Sí, desde luego. “Si quieres aprender, enseña”. Mis alumnos me enseñan infinidad de cosas y, cuando se trata de jóvenes, me transmiten la idea tan refrescante del “todo es aún posible”. Ellos se esfuerzan, simplemente se esfuerzan, no hablan del mundo editorial ni critican al autor que —siendo menos que ellos, quién lo podría negar— ha sido galardonado con no sé qué premio literario. Aún no hay mafia, no hay rencores (sí hay envidias…). Ellos escriben de la única forma en que se puede escribir: “pasando” de todo lo externo, divirtiéndose y enfrentándose a sus propias dificultades. Eso aprendo.

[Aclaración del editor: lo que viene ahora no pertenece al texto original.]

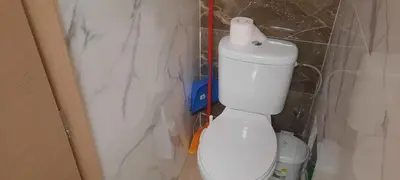 a bathroom with a toilet with a roll of toilet paper on the tank at Livia's Room To Ampelokipi metro Airport line in Athens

Ser escritor es la cualidad imprescindible, pero jamás ir de escritor. Un buen profesor de escritura es un buen analista, un crítico profundo de uno mismo y sus trabas a la hora de escribir, un conocedor de la técnica, un sabedor de los impulsos y de los deseos y de los impedimentos que todo escritor siente a la hora de enfrentarse a un texto. Un buen profesor de escritura tiene que estar un escalón por encima, o varios escalones por encima y saber cuál es exactamente el paso que tiene que dar el alumno para subir en esa escalera.
En la estructura y en la escritura automática. Dos caras opuestas, parece, aunque no lo sean. En la libertad que uno debe darse a sí mismo para escribir mal (mientras escribe) y en la crítica que uno debe ejercer sobre sí mismo para elaborar con lo que escribe un texto sólido. O lo más sólido posible, dentro de cada grado de aprendizaje.
Como todo lo demás. Siempre digo que escribo porque vivo (a nadie se le ocurriría preguntarme por la siguiente respiración, o si me han premiado una taquicardia). Escribo, mal o bien, en proyectos a veces más “publicables” y a veces menos. Pero yo compagino todo lo que hago, cualquier cosa, con la escritura.
He tenido un montón de escritores favoritos. Mi primer escritor favorito fue Gabriel García Márquez. Me lo leí todo de un tirón, siendo una niña, casi. ¿Por qué? Porque fue la primera vez que sentí que dentro del libro había vidas, seres que sentían y que respiraban, la creación de un universo. García Márquez no solo contaba historias, no solo narraba acontecimientos o describía paisajes, García Márquez era un creador de vida humana. Es lo más fascinante: el arte de la escritura es creación, no repetición ni intelecto. A partir de ahí me enganché y, como ya he dicho, he tenido muchos escritores favoritos. El último: James Joyce. Un creador osado, muy osado. El más osado de todos, y el más inteligente, el sabedor más profundo del modo de trasladar lo humano a papel. Es mi opinión, claro está.
Estoy leyendo Absalón, Absalón, de William Faulkner. Es el primero de la lista recomendada por mi amigo Nacho Ferrando.